El prestigio de la OEA fue siendo minado bajo esa hegemonía. El derrocamiento de Jacobo Arbenz en Guatemala a mediados de los 50, la expulsión de Cuba a principios de los 60 y los golpes de estado durante esa década y la de los 70 fueron devastadores para la legitimidad del organismo regional. Los 80 fueron, directamente, fulminantes, dada su inocua reacción frente a la Guerra de Malvinas y las invasiones estadounidenses a Granada y a Panamá.

Habrá que dejar a salvo, como contrapartida, la tarea de la Comisión Interamericana de los Derechos Humanos y de la Corte Internacional de los Derechos Humanos durante estos oscuros períodos para América Central y América del Sur.

A partir de los 90, con el fin de la Guerra Fría tras la caída del Muro de Berlín (1989) y la disolución de la URSS (1991), la OEA comenzó a incursionar en nuevos horizontes institucionales, políticos y comerciales en las Américas. La integración no sólo fue recuperada como un valor fundacional, sino también como un recurso funcional. Esa búsqueda se mantiene. La OEA es una institución muy “importante” que, al lado de ese calificativo, quiere sumar el adjetivo de muy “necesaria”.

Conspiran contra esta finalidad las gestiones de gobierno estadounidense que prefieren las relaciones bilaterales (entre Washington y cada país, uno a uno) antes que las multilaterales. A lo que se suma que, con la consolidación de las democracias en el hemisferio, que la comunicación entre las naciones americanas ha encontrado sus propias líneas. Las embajadas hablan entre sí, fluidamente y de muchos temas. Y no lo hacen a través de la OEA.

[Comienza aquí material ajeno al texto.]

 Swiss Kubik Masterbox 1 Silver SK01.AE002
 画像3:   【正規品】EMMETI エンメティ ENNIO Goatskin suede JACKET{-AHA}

En los años recientes, de la mano de Almagro, es innegable que la institución recuperó algún protagonismo a partir de las denuncias sobre la violación de los derechos humanos durante el actual gobierno de Venezuela. No menos cierto es que un organismo internacional de estas características, y su burocracia, no pueden justificarse en el sólo hecho de denunciar a Nicolás Maduro como un dictador. Por caso, Donald Trump lo dice regulamente y por Twitter. Y buena parte de las naciones del continente que también execran al sucesor de Hugo Chávez lo condenan por dentro de la OEA, y también por fuera, en el Grupo de Lima.

En este contexto reciente de relanzamiento y reingeniería de la OEA, los estados subnacionales prometen convertirse en una importante veta para el trabajo del organismo: “uno de los propósitos esenciales” que reivindica para sí misma en los considerandos de la declaración de intenciones firmada el martes, “es promover, por medio de la acción cooperativa, su desarrollo económico, social y cultural”. Las necesidades de integración y de colaboración de las provincias sudamericanas, que reniegan del centralismo de hecho de sus países, sí demandan de la experticia técnica de la OEA. Y la OEA también necesita ser necesitada.

De esas materias también está hecho el acuerdo de esta semana.